For this exercise, copy the data exactly and omit any images.

_Raw data_.
⁂

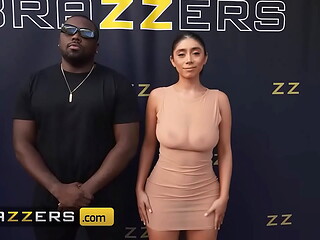 BRAZZERS - Violet Myers Shows off her asshole to Paparazi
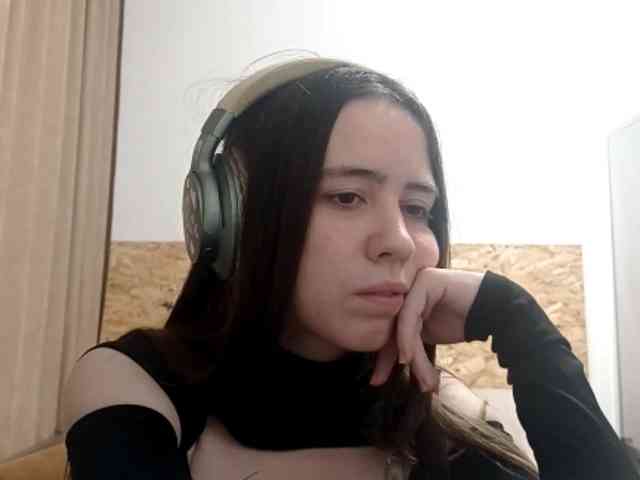 LorrieRingham webcam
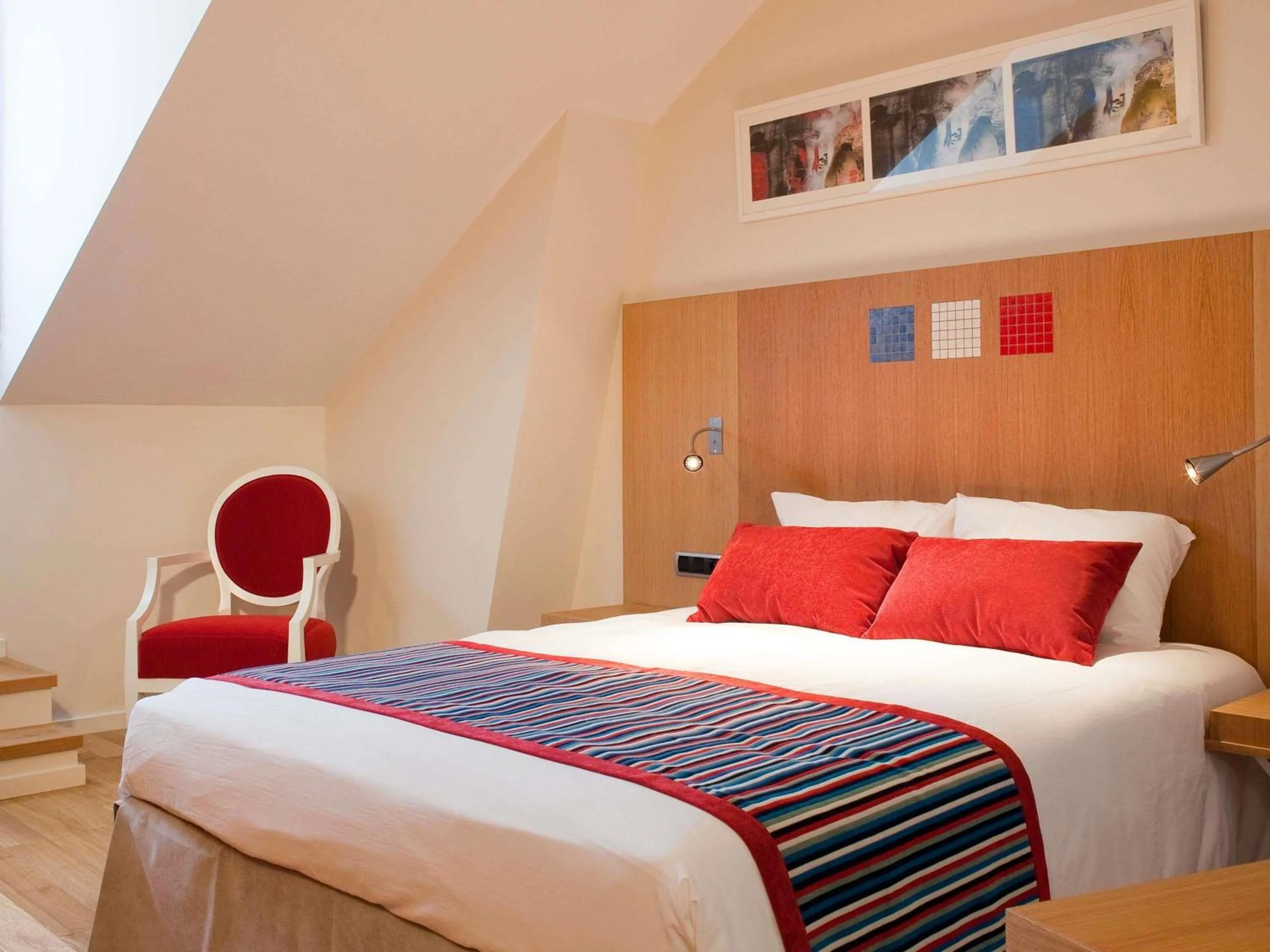 Property building, Bed in Hôtel Mercure Vittel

⁂

_Output for this task_.
 BRAZZERS - Violet Myers Shows off her asshole to Paparazi
 LorrieRingham webcam
 Property building, Bed in Hôtel Mercure Vittel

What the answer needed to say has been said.